Em 1º de março, meios de comunicação globais informaram que Greta Thunberg havia sido presa em Oslo enquanto protestava contra turbinas eólicas. Não é que o ativista do clima tenha subitamente se posicionado contra a energia renovável. Em vez disso, ela uniu forças com ativistas que defendem o apelo dos povos indígenas para poderem continuar praticando sua cultura em Fosen, no centro da Noruega. Por centenas de anos, esta terra foi o lar de criadores de renas – uma importante tradição, que ajuda a preservar a língua ameaçada de extinção dos sámis. Ainda hoje, a localização em Fosen de turbinas eólicas, que assustam as renas, põe em dúvida sua continuação.
Cerca de quinhentos dias atrás, a suprema corte da Noruega decidiu que as turbinas são uma violação dos direitos indígenas sob as convenções internacionais. No entanto, eles ainda estão concorrendo agora – e, de fato, mesmo após o declínio da atenção das notícias de curta duração em torno do papel de Thunberg no protesto. Mais uma vez, o governo norueguês provou que continua indiferente às vidas dos sámi.
“O que está acontecendo na Noruega não me surpreende – [there’s] esse duplo padrão de trabalhar para proteger grupos indígenas em todo o mundo e se apresentar como uma nação progressista, mas não se importar com os povos indígenas que vivem dentro de suas próprias fronteiras”, me diz Elle Rávdná Näkkäläjärvi. Entre o pastoreio de renas e os estudos, a jovem de 22 anos é líder do comitê de jovens do Parlamento Sámi e membro do conselho do grupo de jovens da Associação Norueguesa Sámi. Durante os últimos oito dias de protestos em Oslo, ela ficou de braços dados com seus irmãos e irmãs sámi. “Estamos acostumados, mas nem por isso é menos injusto. Já é hora de a Noruega largar a máscara. Já é hora de o resto do mundo ver a Noruega como ela realmente é”, diz ela.
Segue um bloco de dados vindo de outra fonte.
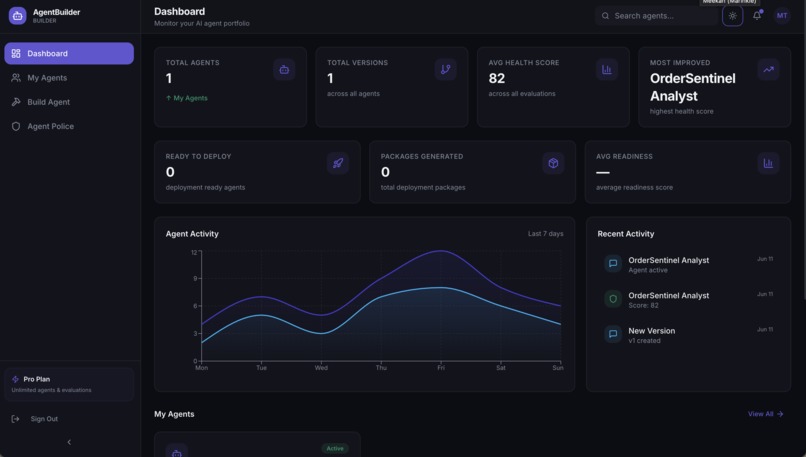 AgentBuilderBuilder – screenshot 2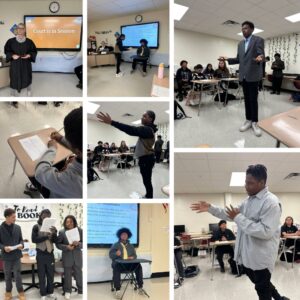 Mock Trial at Bradford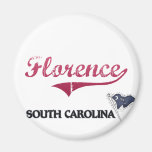 Florence South Carolina City Classic Fridge Magnets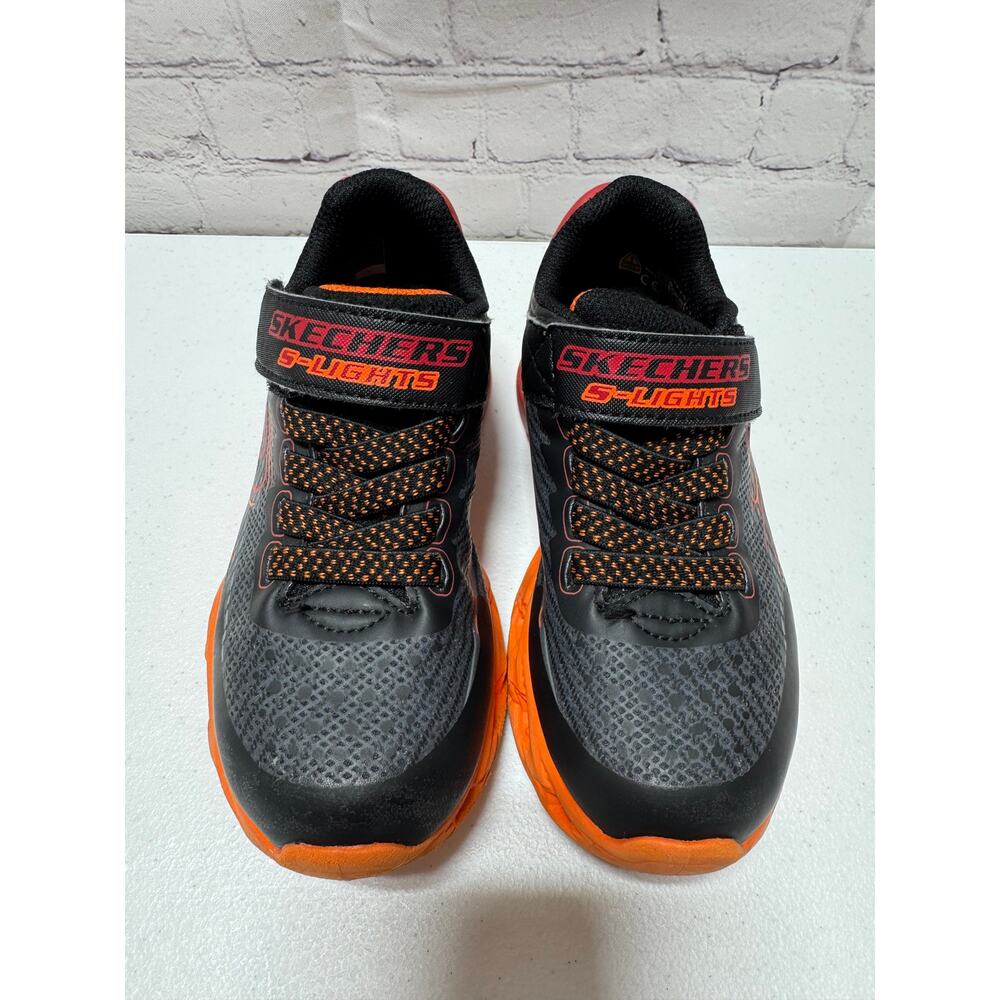 Boy's Shoes SKECHERS KIDS Vortex 2.0 - Quantroid 400604L Toddler size 11 - Picture 3 of 11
Do lado de fora, o país escandinavo é frequentemente visto como uma social-democracia progressista. Mas – como sugerem os comentários de Elle – uma história muito menos contada é a de seu passado colonial, também atingindo os indígenas na própria Noruega.
O que o governo prefere esquecer, mas o povo Sámi não pode, é o sistema de repressão pelo qual o Estado norueguês passou a assimilar essa população a partir da década de 1850.
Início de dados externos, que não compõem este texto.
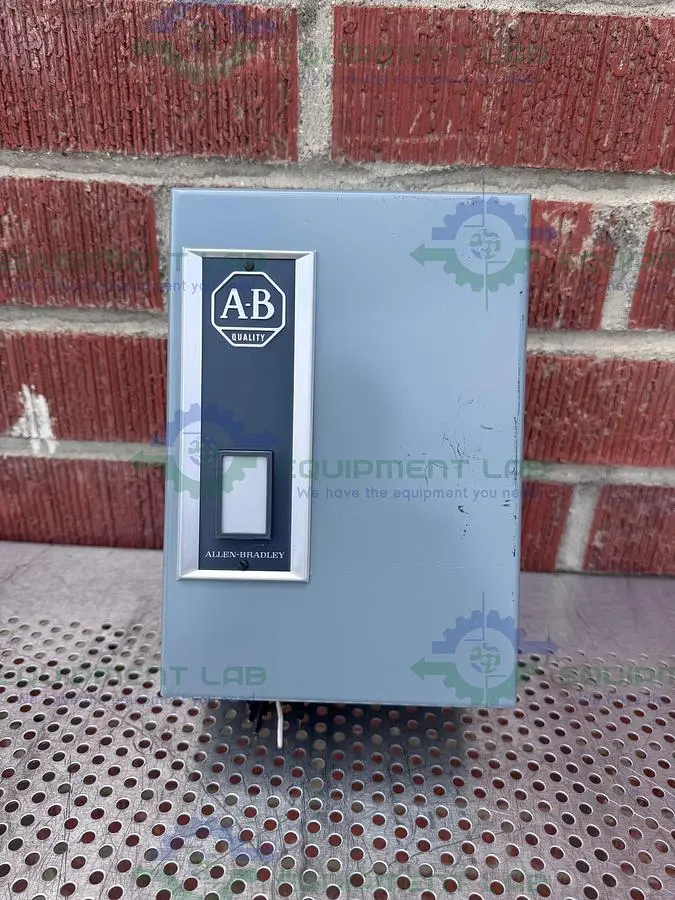 USED ALLEN BRADLEY 500-B0D950 SERIES B CONTRACTOR W/ ENCLOSURE 7" X 10"X 5"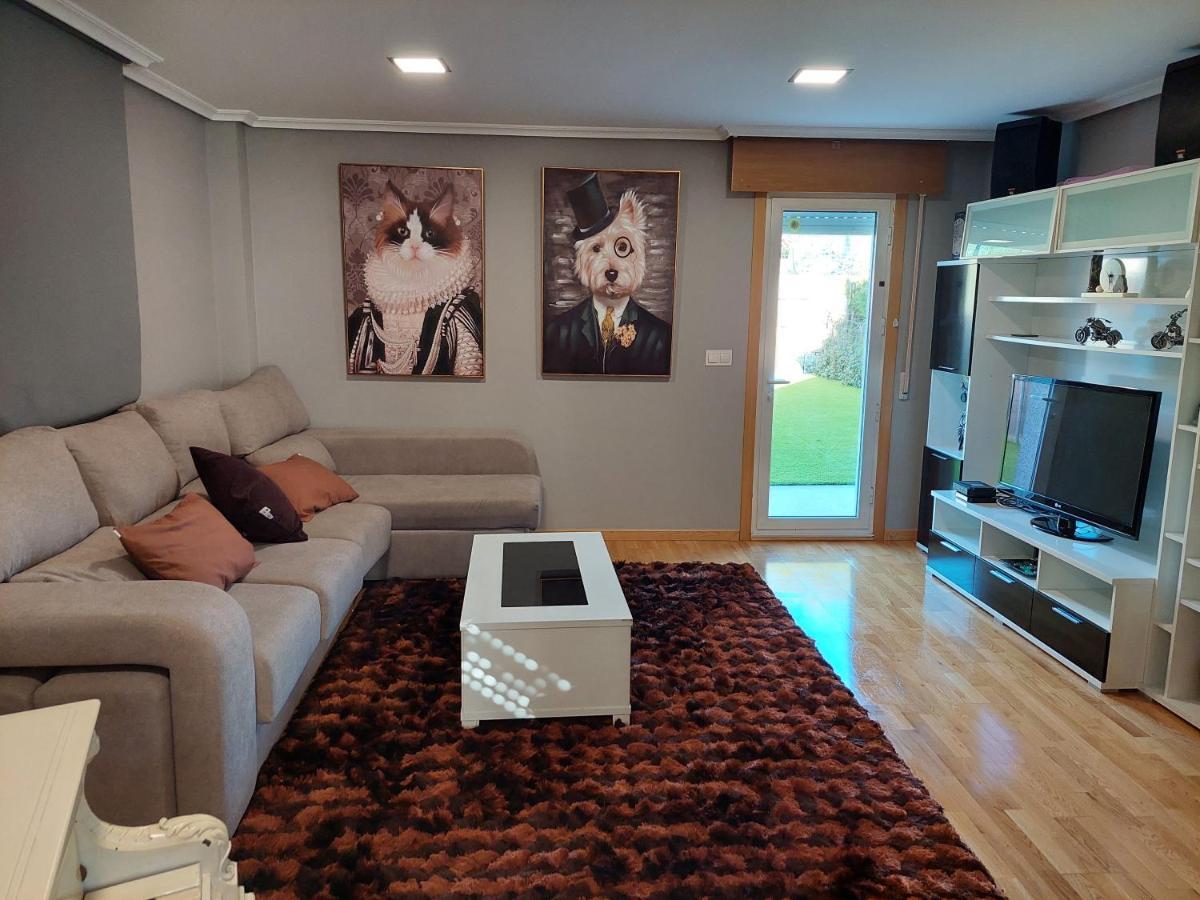 Chalet A Solo 5 Min De Ourense Ciudad Con Jardin Y Barbacoa 外观 照片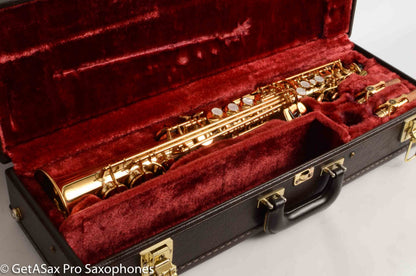 Yamaha YSS-675 Soprano Very Good Condition 0381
A religião Sámi já havia sido suprimida sob o domínio dinamarquês durante os anos em que a Noruega estava em união com a Dinamarca. Quando os dois países se separaram em 1814, quando a Noruega formou uma união com a Suécia, a questão da identidade norueguesa tornou-se mais importante, juntamente com as ideias de que os Sámi eram cultural e racialmente inferiores.
Um dos primeiros passos da chamada política de norueguês do estado foi eliminar gradualmente o uso da língua sámi. Na virada do século, o idioma seria oficialmente banido em ambientes educacionais, e muitas escolas sujeitariam as crianças a castigos físicos se conversassem em sámi. Em 1901, internatos foram estabelecidos para isolá-los do que era visto como um modo de vida inferior. A essa altura, o governo também havia começado a introduzir nomes de lugares noruegueses para substituir os sámi, uma tentativa de retirar essas áreas de sua conexão com as pessoas que viviam lá muito antes mesmo de existirem fronteiras nacionais.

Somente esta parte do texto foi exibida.